EXERCISE DATA =
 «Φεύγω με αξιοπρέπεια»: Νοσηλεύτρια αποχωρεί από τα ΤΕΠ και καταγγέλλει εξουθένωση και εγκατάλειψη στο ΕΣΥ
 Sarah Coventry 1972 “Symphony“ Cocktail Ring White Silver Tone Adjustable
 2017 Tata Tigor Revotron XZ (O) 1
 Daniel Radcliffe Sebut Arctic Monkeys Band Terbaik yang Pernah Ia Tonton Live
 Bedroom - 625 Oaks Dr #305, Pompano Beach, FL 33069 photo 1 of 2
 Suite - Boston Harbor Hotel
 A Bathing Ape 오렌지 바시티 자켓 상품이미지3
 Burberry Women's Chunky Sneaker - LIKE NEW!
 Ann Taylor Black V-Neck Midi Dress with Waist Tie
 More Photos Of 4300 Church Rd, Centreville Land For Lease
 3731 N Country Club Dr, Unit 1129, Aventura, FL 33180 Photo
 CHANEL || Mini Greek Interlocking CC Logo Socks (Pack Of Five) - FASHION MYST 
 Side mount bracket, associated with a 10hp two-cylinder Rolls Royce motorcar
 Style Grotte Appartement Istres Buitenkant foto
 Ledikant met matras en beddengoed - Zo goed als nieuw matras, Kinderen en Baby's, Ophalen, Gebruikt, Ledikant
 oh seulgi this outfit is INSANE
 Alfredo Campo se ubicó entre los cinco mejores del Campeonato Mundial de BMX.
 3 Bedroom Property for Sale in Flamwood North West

HOW TO COMPLETE THIS TASK =
Please make an exact copy of the lines from the one holding "Style Grotte Appartement" through the final line of the records above, nothing more.

EXPECTED ANSWER =
 Style Grotte Appartement Istres Buitenkant foto
 Ledikant met matras en beddengoed - Zo goed als nieuw matras, Kinderen en Baby's, Ophalen, Gebruikt, Ledikant
 oh seulgi this outfit is INSANE
 Alfredo Campo se ubicó entre los cinco mejores del Campeonato Mundial de BMX.
 3 Bedroom Property for Sale in Flamwood North West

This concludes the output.